Doch die Türkei blockiert den Beitritt Schwedens noch immer und fordert Zugeständnisse in der Terrorismusbekämpfung. Gäbe Erdoğan, gestärkt durch seinen Wahlsieg, nun grünes Licht für Stockholm, wäre dies ein erstes Zeichen, dass der wiedergewählte Präsident im dritten Jahrzehnt seiner Amtszeit auf einen neuen Kurs größerer Kompromissbereitschaft einschwenken könnte.
Doch nichts deutet darauf hin: NATO-Diplomaten sehen den türkischen Kurs gegen Schweden als die persönliche Launenhaftigkeit Erdoğans an. "Und so lange er glaubt, mit seinem Veto mehr herausholen zu können, so lange wird er dabei bleiben", vermutet ein NATO-Beamter.
Die Beziehungen zwischen der EU, NATO und USA mit der Türkei werden schwierig bleiben, abbrechen werden sie nicht. Die Türkei ist ein strategisch unverzichtbares Mitglied an der südöstlichen Flanke der NATO.
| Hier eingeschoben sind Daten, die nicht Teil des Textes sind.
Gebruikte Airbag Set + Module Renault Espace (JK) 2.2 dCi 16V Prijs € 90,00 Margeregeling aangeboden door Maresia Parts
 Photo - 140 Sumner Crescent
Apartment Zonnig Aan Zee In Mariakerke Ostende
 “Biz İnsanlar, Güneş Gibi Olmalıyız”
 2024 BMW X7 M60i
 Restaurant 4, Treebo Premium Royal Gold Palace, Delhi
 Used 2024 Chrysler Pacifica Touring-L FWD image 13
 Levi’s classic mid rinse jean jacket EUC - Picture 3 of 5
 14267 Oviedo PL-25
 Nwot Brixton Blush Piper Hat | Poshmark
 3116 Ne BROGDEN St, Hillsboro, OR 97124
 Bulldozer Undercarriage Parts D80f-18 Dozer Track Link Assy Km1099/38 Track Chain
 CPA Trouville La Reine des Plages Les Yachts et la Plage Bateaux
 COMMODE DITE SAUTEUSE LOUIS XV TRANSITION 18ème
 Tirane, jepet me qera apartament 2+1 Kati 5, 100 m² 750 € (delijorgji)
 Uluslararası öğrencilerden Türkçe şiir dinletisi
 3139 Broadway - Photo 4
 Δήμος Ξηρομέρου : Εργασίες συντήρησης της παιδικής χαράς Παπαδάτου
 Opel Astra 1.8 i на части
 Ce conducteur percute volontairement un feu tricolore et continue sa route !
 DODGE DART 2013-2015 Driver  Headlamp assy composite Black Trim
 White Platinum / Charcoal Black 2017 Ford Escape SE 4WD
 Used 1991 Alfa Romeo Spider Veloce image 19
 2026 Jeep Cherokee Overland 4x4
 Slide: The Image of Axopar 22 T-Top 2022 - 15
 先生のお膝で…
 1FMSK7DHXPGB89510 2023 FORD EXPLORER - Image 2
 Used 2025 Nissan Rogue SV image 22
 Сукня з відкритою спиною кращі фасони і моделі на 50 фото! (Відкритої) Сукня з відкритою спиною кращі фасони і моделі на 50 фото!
Sie ist die letzte Barriere vor dem unruhigen Nahen Osten, Auge und Ohr für die dortigen Entwicklungen - zuletzt aber auch immer mächtigerer Player in der Region.
Vermittler im Ukraine-Krieg
Ihre gewachsene Bedeutung spiegelt sich auch in der türkischen Rolle als Vermittler im Ukraine-Krieg wider. Der Getreide-Deal, der es ermöglichte, von Russland blockierte Schiffsladungen aus der Ukraine in die Welt zu transportieren, kam nur mit wesentlicher Unterstützung durch Ankara zustande.
Und obwohl nicht gerade beste Freunde, so hegen die beiden Autokraten Erdoğan und der russische Präsident Wladimir Putin doch passabel gute Beziehungen. Will Europa also Russland erreichen, wird es künftig den türkischen Präsidenten brauchen.
Der Flüchtlingsdeal
Wichtiger als alles andere ist der EU der Erhalt des Flüchtlingsdeals mit der Türkei. Rund 3,4 Millionen Syrer hat das Land seit 2016 aufgenommen. Für ihre Versorgung zahlt die EU Milliarden. Im Gegenzug hat sich die Türkei verpflichtet, die Flüchtlinge nicht nach Europa weiter ziehen zu lassen.
Schon vor seinem Wahlsieg hatte Erdoğan immer wieder gefordert, dass der Deal mit Brüssel nachverhandelt werden - und Brüssel mehr zahlen müsse.
Dass Erdoğan dabei ein gewaltiges Druckmittel in der Hand hält, hat er Anfang 2020 bewiesen. Damals ließ er Zigtausende Flüchtlinge einfach in Bussen an die Grenze zu Griechenland schicken. In Brüssel weiß man nur zu gut, Schreckensbilder dieser Art kann der unberechenbare türkische Präsident jederzeit wieder auslösen.
Auch in den anderen Krisen mit der Türkei - Stichwort Zypern oder die Gasbohrungen in der Ägäis - erwartet sich Europa keine Entspannung.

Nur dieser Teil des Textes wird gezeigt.